[WHAT TO WORK ON] Only an exact copy belongs in the answer: the line with "Item preview, Wrangell-St." and every line after it through the end of the records, pictures left out.

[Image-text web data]
>>>
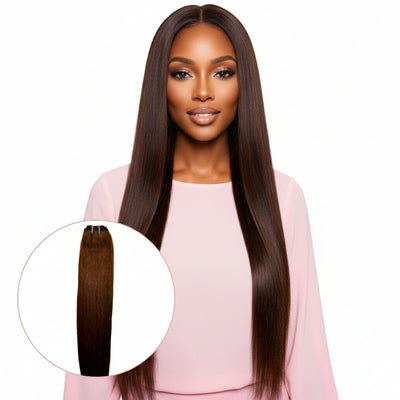 Raw dark brown straight human hair bundles from THE HAIR PUSHER PREMIUM LUXE HAIR, showcasing sleek, smooth hair extensions.
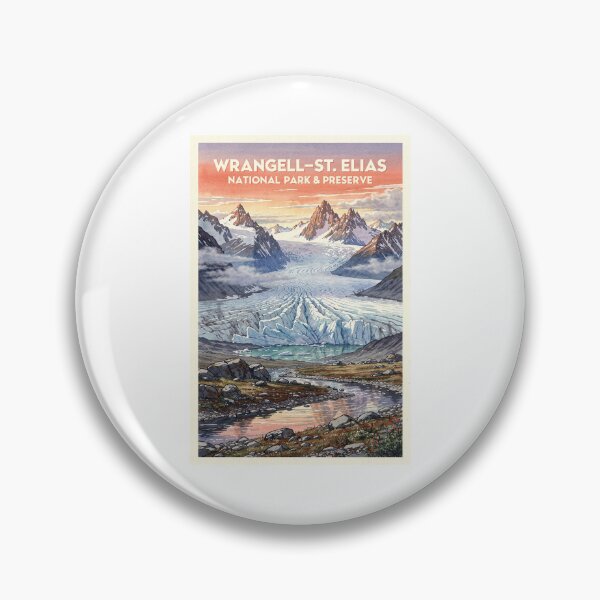 Item preview, Wrangell-St. Elias National Park & Preserve Alaska Vintage Watercolor Travel designed and sold by Teelogic.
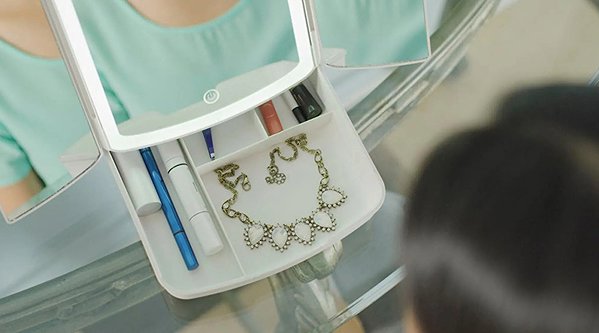 Makeup Mirror Verk 24230 LED cosmetic mirror, 5 x magnification, white ...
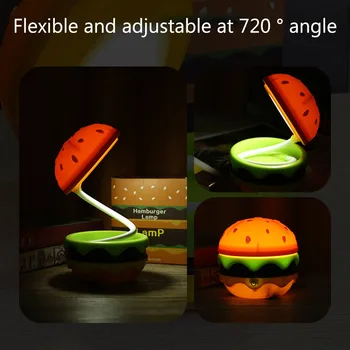 Hamburger başucu gece lambası USB şarj göz koruması ışık geri çekilebilir kısılabilir LED esnek çalışma odası ofis için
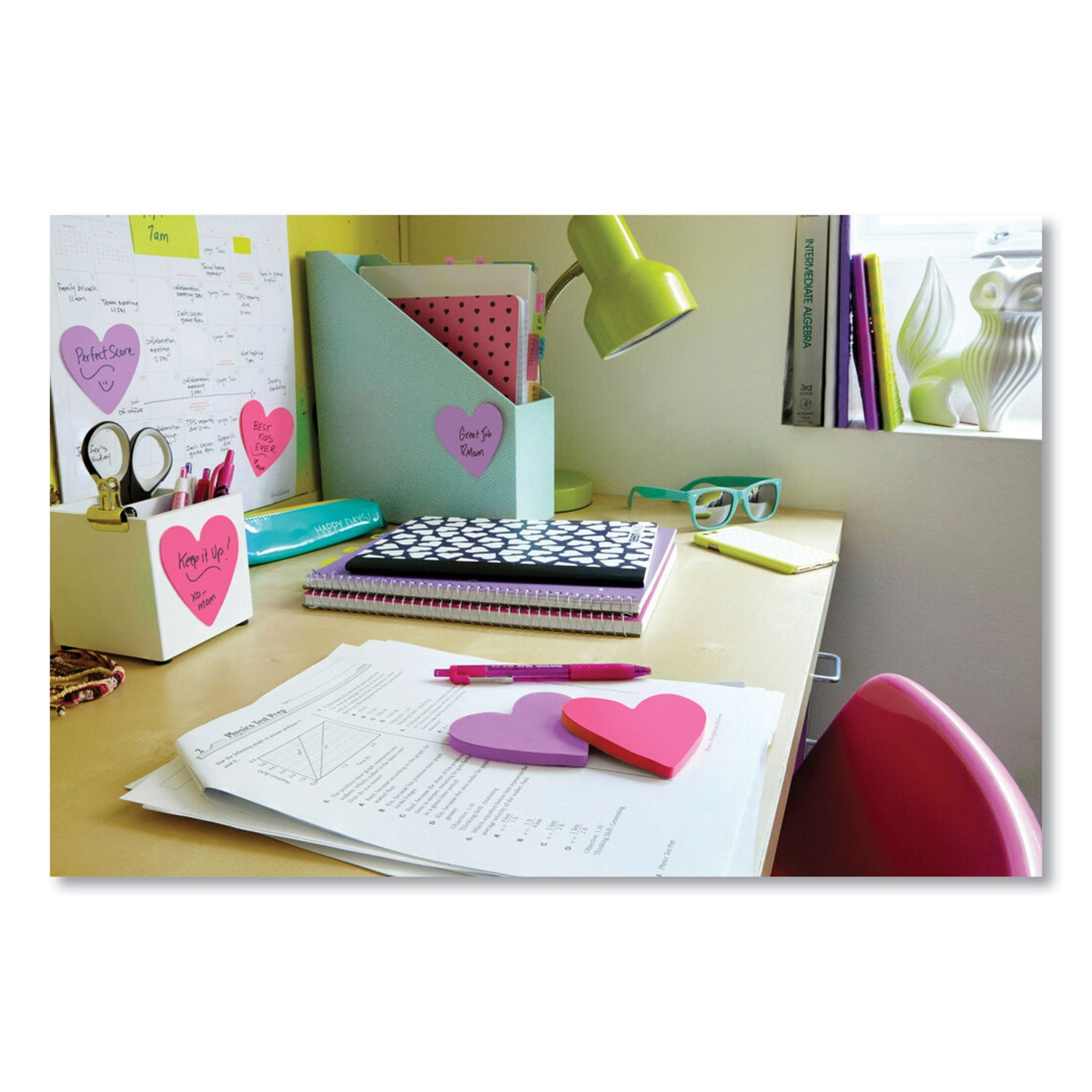 Post-it&reg; Die-Cut Notes - 3" Flag/Note Width x 3" Flag/Note Length - Star, Heart - 75 Sheets per Pad - Unruled - Purple, Pink - Self-adhesive, Self-stick - 1 Pack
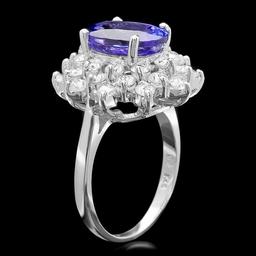 14k Gold 3.50ct Tanzanite 1.70ct Diamond Ring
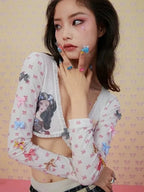 Playful Y2K Cartoon Cropped Tee With Bow Patchwork
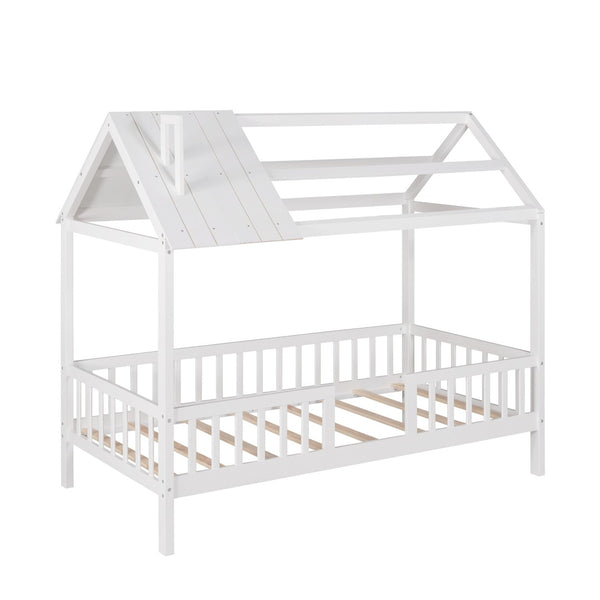 HomeRoots White Wood Twin Bed Frame - Sturdy Platform Design with 12 Support Slats for Lasting Comfort & Style 606873
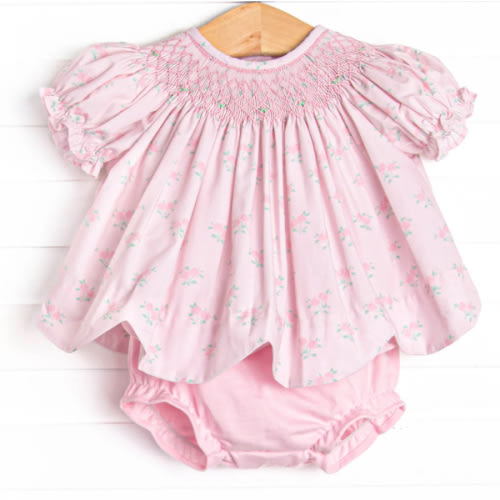 Reagan's Roses Smocked Diaper Set, Pink – Stitchy Fish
<<<
[ANSWER SECTION]
 Item preview, Wrangell-St. Elias National Park & Preserve Alaska Vintage Watercolor Travel designed and sold by Teelogic.
 Makeup Mirror Verk 24230 LED cosmetic mirror, 5 x magnification, white ...
 Hamburger başucu gece lambası USB şarj göz koruması ışık geri çekilebilir kısılabilir LED esnek çalışma odası ofis için
 Post-it&reg; Die-Cut Notes - 3" Flag/Note Width x 3" Flag/Note Length - Star, Heart - 75 Sheets per Pad - Unruled - Purple, Pink - Self-adhesive, Self-stick - 1 Pack
 14k Gold 3.50ct Tanzanite 1.70ct Diamond Ring
 Playful Y2K Cartoon Cropped Tee With Bow Patchwork
 HomeRoots White Wood Twin Bed Frame - Sturdy Platform Design with 12 Support Slats for Lasting Comfort & Style 606873
 Reagan's Roses Smocked Diaper Set, Pink – Stitchy Fish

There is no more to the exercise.